Серёжка пил по специальности. Неожиданно для всех нас он, окончив школу, не пошёл в институт, а, удачно избежав армии, устроился на кладбище могильщиком.

Зарабатывал он, понятное дело, прилично. Но не больше Кольки. Тот, работая в каком-то кооперативном ларьке (коих за последнее время в Саратове расплодилось), зашибал дай Бог нам каждому. Вообще, это было удивительно: дурак-Колька - кооператор. А лидер Серёжка - гробокопатель. Но Серёжка объяснил всё коротко и ясно: "Может, это то высшее, к чему я стремился. Всю жизнь. Вот так. Я работаю на грани жизни и смерти. И потом - за живого-то человека гроша ломаного никто не даст, а за покойничков деньги платят. Хор-рошие деньги".

Кроме водочных и сигаретных расходов затраты мои были невелики. Руслан зарабатывал, я время от времени стрелял у отца, иногда подкидывала мама в общем, на жратву хватало.

- Ну что, господин сочинитель, может, всё же, соизволите соприкоснуть с нашими стаканами ваш бокал? - вывел меня из размышлений Серёжкин голос.

Я соизволил. Мы чокнулись и выпили. Малопьющий и быстрохмелеющий Руслан сморщил лицо и тряхнул локонами, щекотнув ими мою щёку. Это оказалось на удивление приятным - словно прикосновение летнего ветра. Я посмотрел на Руслана и улыбнулся ему. Надеюсь, этого никто не увидел - ещё подумают Бог знает что.

- Ну, так позвольте узнать, господин поэт, в каких таких высотах витали ваши мысли. - Серёжка с интересом глядел на меня. По-моему, он заметил случившуюся мимолётность.

- Мои мысли, - ответил я, - вились мухой вокруг бутылки.
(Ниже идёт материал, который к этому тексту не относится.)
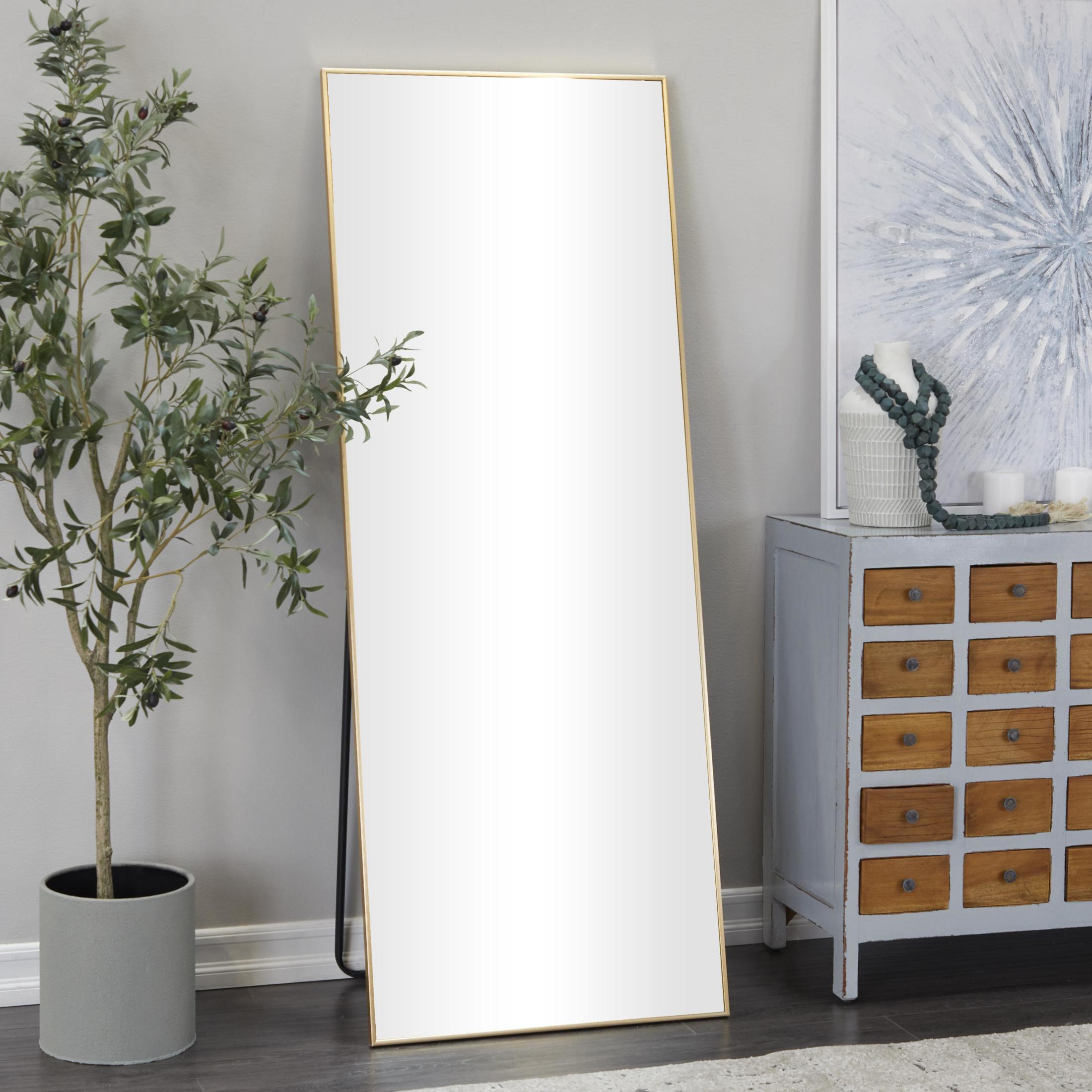 CosmoLiving by Cosmopolitan 26" x 65" Gold Metal Floor Mirror with Stand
- Что ж вы так низко пали, ангел мой?

- Почему же пал. - Я почувствовал, как алкоголь прихлынул к моим щекам. - Эта бутылка... килька эта в томате... стол вот этот - ничуть они не меньше, чем синева поднебесная, снега, там, Килиманджаро... или цветок лотоса. Если постичь каждый предмет по-настоящему...

- Да, так что ж будет, если постичь каждый предмет по-настоящему?

- Не сам по себе, а... ну, в единстве со всем миром...

- Ну, так что ж будет-то тогда?

- Всё тогда будет! - Я грохнул кулаком по столу. - Тогда мы поймём, что стол - не просто стол. Увидим человека, который его сделал, увидим дерево, из которого он сделан, увидим лес, в котором это дерево росло...

- А потом - планету, на которой располагался этот лес, - ядовито подхватил Серёжка.

- Да! И планету.

- И весь космос, да?

- Да.

- А дальше что увидим?

- Увидим в космосе себя. И попробуем себя познать. Себя в мире и мир в себе.

- Колька, - сказал Серёжка, - Пушкину больше не наливать.

- Наливать, - рявкнул я.

- Ига, - Руслан приобнял меня за плечи, - ты чего? Даже я ещё трезвый.